Marley proudly touts the tagline of being the first documentary officially sanctioned by Marley family. In that sense, the film provides testimony from those who were actually close to Bob Marley and went through the journey of life alongside him. This means that we are getting first-hand insights from a large collection of people who were actually there, who actually know, rather than some studious fact-checker, scholar or filmmaker who simply thinks that they know (Macdonald remains behind the camera, allowing his “characters” to offer their accounts freely, with few prompts).

The “characters” themselves are also pretty entertaining to watch and listen to. They include Bob’s wife Rita, son Ziggy, daughter Cedella, longtime girlfriend Cindy Breakspeare (mother to hip-hop/reggae star Damian Marley), legendary record mogul Chris Blackwell, Trench Town locals who grew up with Bob and the various members of Marley’s band, “The Wailers,” who provide lively (and often heavily-accented) accounts of their times playing and touring with the musician. Bob himself is also ever-present throughout the film, thanks to an unprecedented collection of personal videos, recorded interviews, jam sessions, tour footage and everything in between that has captured and preserved the late musician’s essence onscreen. Each of these “characters” brings personality, insight and liveliness to the film, never letting it drag or slip into boredom – even at a running time of about two-and-a-half hours.

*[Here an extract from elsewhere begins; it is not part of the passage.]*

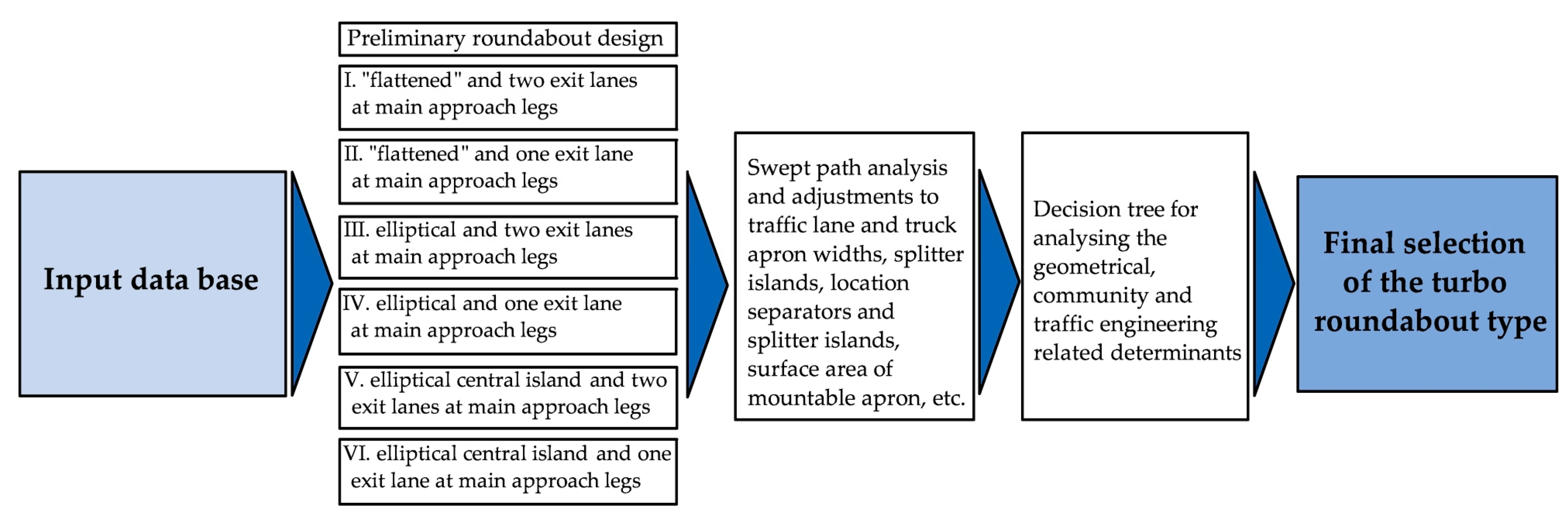 Sustainability 15 13220 g009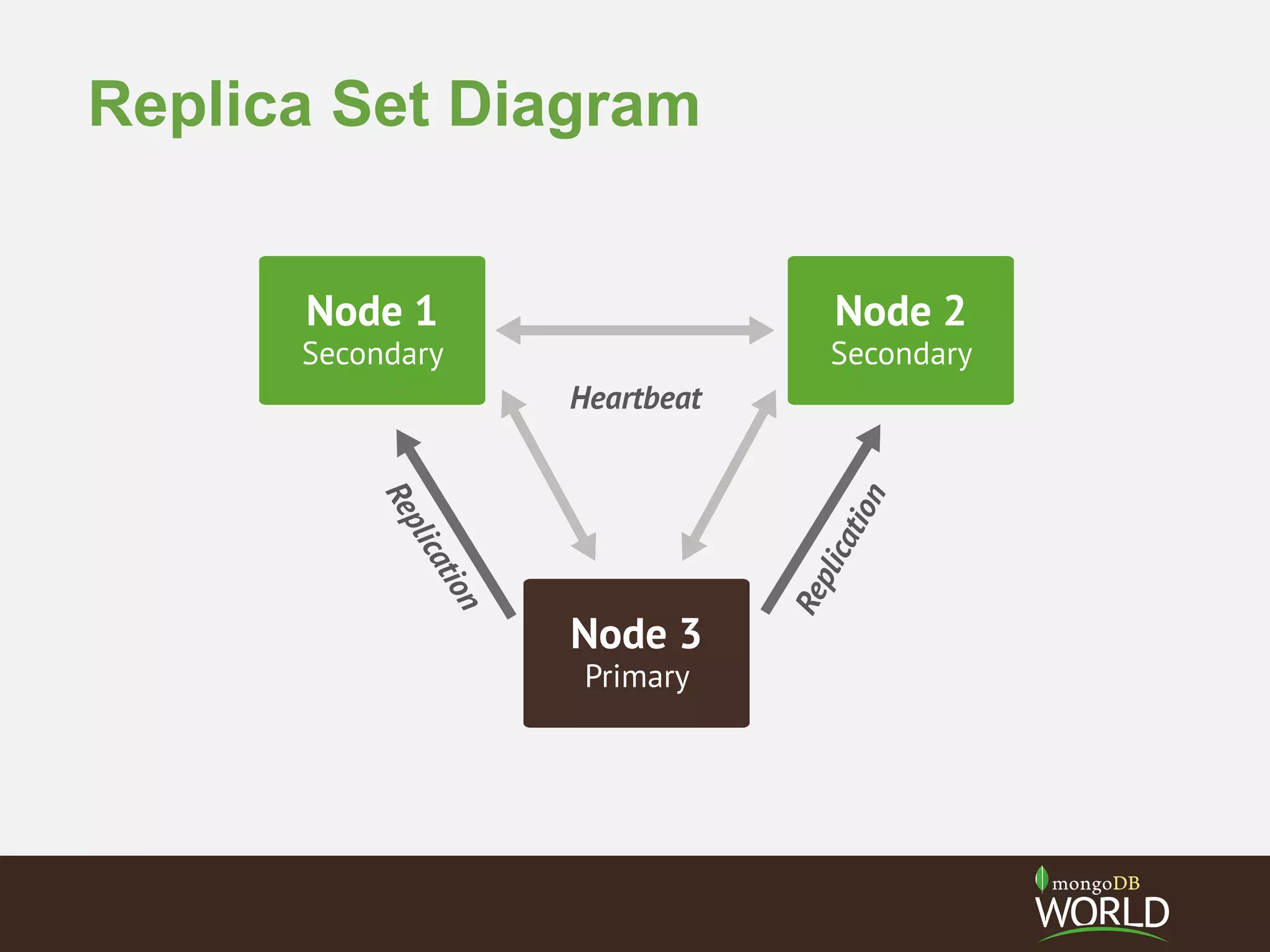 Replica Set Diagram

Rita Marley in Marley 2012 Marley Review

Bob’s wife Rita Marley in ‘Marley’

Visually, Marley is as lively and colorful as its characters. There are stunning shots of the Jamaican landscape all throughout the movie – from the lush green countryside and turquoise oceans,  to the muddy and rusted huts of Trench Town, to the colorful outfits worn by the locals – Macdonald brings the country to such vivid life that, at the very least, this documentary doubles as a pretty good tourism brochure. We also get looks at the many places Bob visited or lived during his life – from London, to Africa, to Germany – even his brief time spent growing marijuana and working blue-collar jobs in Wilmington, Delaware (who knew?). The old archive footage has been cleaned up and polished, presenting classic performances and interviews in a way that viewers of the HD era will be able to appreciate.

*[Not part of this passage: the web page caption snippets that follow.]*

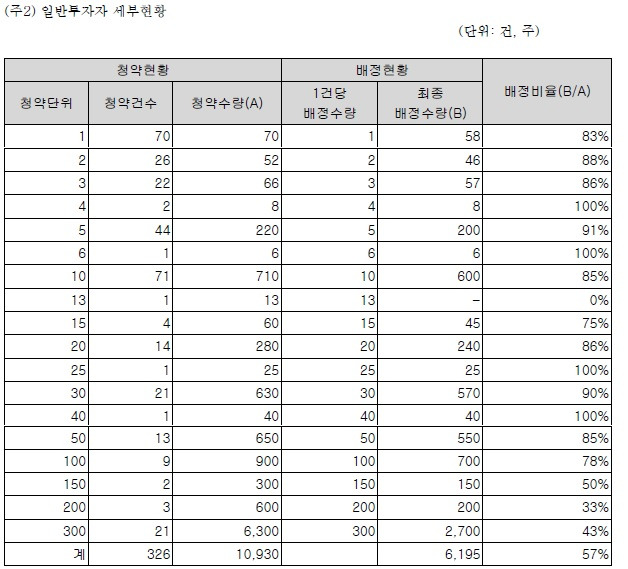 조각투자 발행실적_열매컴퍼니.jpg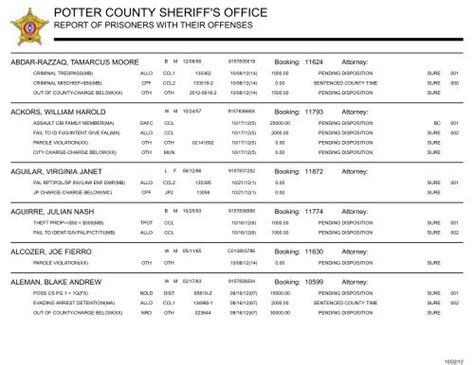 POTTER COUNTY SHERIFF'S OFFICE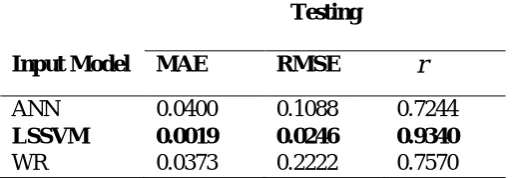 Table 1. The results for Training and Forecasting using ANN Model of Indus River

Macdonald makes the smart move of using music as our guide through Bob’s history, from his early days playing in Trench Town bands to the creation of Reggae and his Rastafarian spiritual awakening. The story is punctuated by many familiar Marley songs (plus some previously-unreleased recordings), creating that warm feeling of adoration that so many people have for the music, even as we come learn about the circumstances and context that helped create the songs we thought we knew and understood so well. It’s an eye-opening experience, to say the least (such as learning that many of Marley’s most famous songs came from a time and headspace when the musician was adhering (with militant discipline) to a religious practice that some might view as a cult).

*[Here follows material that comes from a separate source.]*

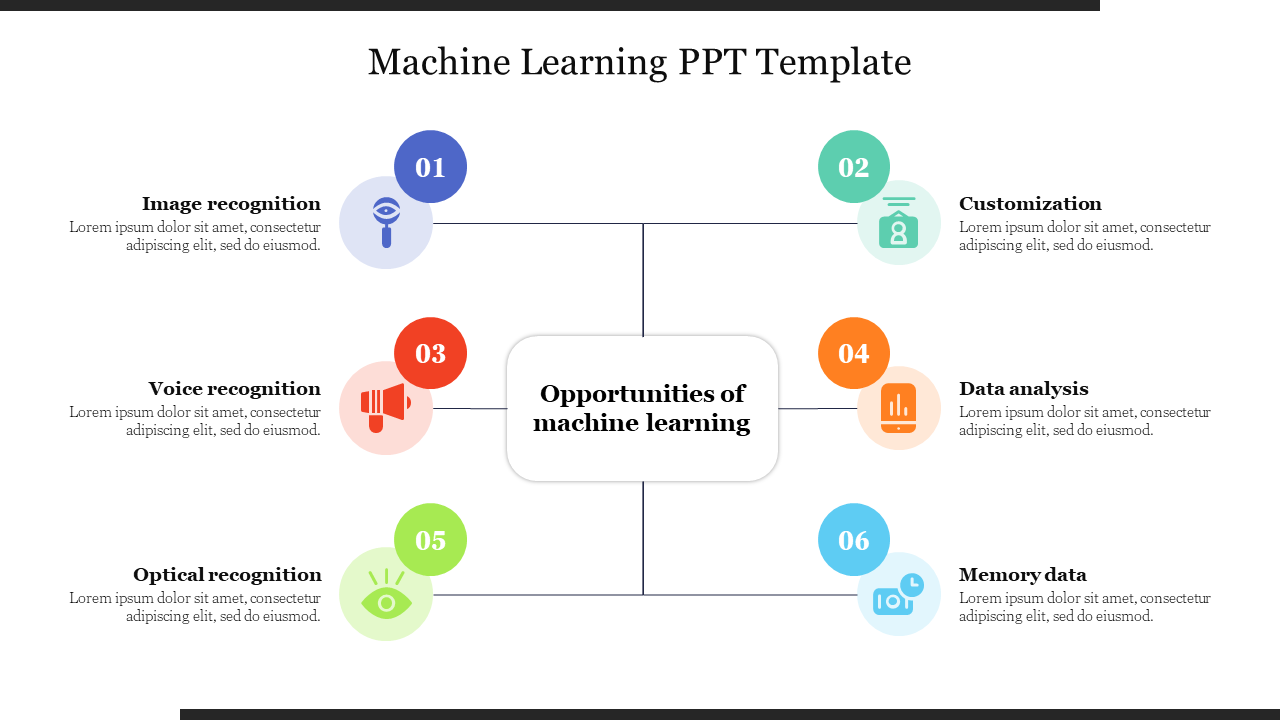 Machine learning slide diagram highlighting six key areas with colorful icons and numbered sections with placeholder text.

Cedella Marley in Marley 2012 Marley Review

Bob’s daughter Cedella Marley in ‘Marley’

If there is one criticism I have with this documentary, it’s that it unquestionably favors and celebrates Bob Marley, while skipping over some of the more debatable or questionable aspects of his personality and choices. The film doesn’t ignore Marley’s shortcomings completely: for instance, his wife Rita is briefly questioned about how she balanced her love against Bob’s many affairs and illegitimate children, to which she gives a brief and concise response about greater purpose, which is exactly where Macdonald leaves the topic. However, Bob’s daughter Cedella is the only person who offers anything less than a shining picture, as she describes to us Bob Marley the questionable parent, rather than the world-renowned superstar. But again, the film only touches lightly on this topic here and there, quickly pulling away whenever things get too heavy or critical.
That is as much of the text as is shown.